A method of rendering input audio including at least one audio object and associated metadata, wherein the metadata includes audio object size metadata and audio object position metadata corresponding to the at least one audio object. In the method of rendering the audio,
Determining a plurality of virtual audio objects based on the audio object size metadata corresponding to the at least one audio object and the audio object location metadata;
For each of the virtual audio objects of the plurality of virtual audio objects, determining a location of the corresponding virtual audio object;
For each of the plurality of virtual audio objects, determining at least one gain of the corresponding virtual audio object;
Rendering an audio object to one or more speaker supplies, wherein the audio object is rendered based on its corresponding positions and gains of at least some of the plurality of virtual audio objects.

An apparatus for rendering input audio including at least one audio object and associated metadata, wherein the metadata includes audio object size metadata and audio object position metadata corresponding to the at least one audio object.

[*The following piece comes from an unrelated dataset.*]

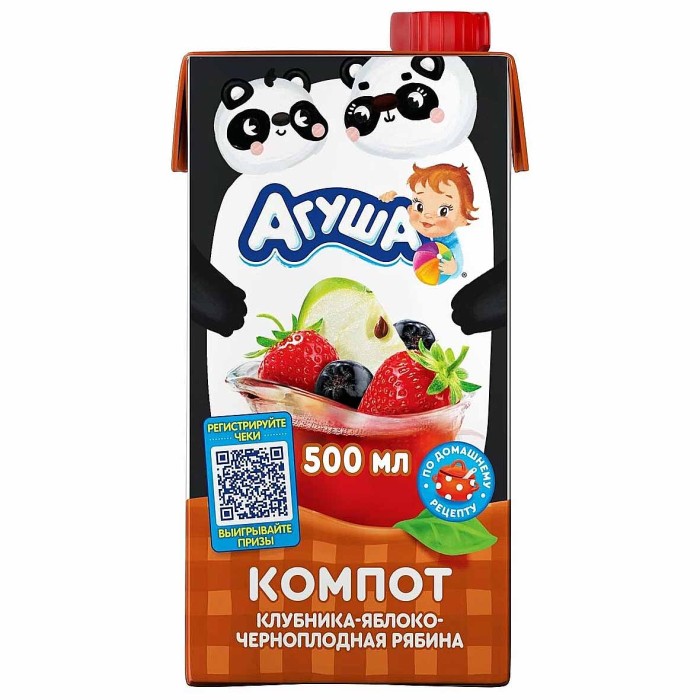 Компот Агуша клубника-яблоко-черноплодная рябина 500мл т/п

In the device for rendering audio,
A processor configured to determine a plurality of virtual audio objects based on the audio object size metadata and the audio object position metadata corresponding to the at least one audio object; The processor also,
For each of the virtual audio objects of the plurality of virtual audio objects, determining a position of the corresponding virtual audio object;
For each of the virtual audio objects of the plurality of virtual audio objects, determining at least one gain of the corresponding virtual audio object;
Rendering an audio object to one or more speaker supplies, the processor being configured to render the audio object based on its corresponding positions and gains of at least some of the plurality of virtual audio objects Device.

A non-transitory medium storing software, the software comprising instructions for performing a method according to claim 1.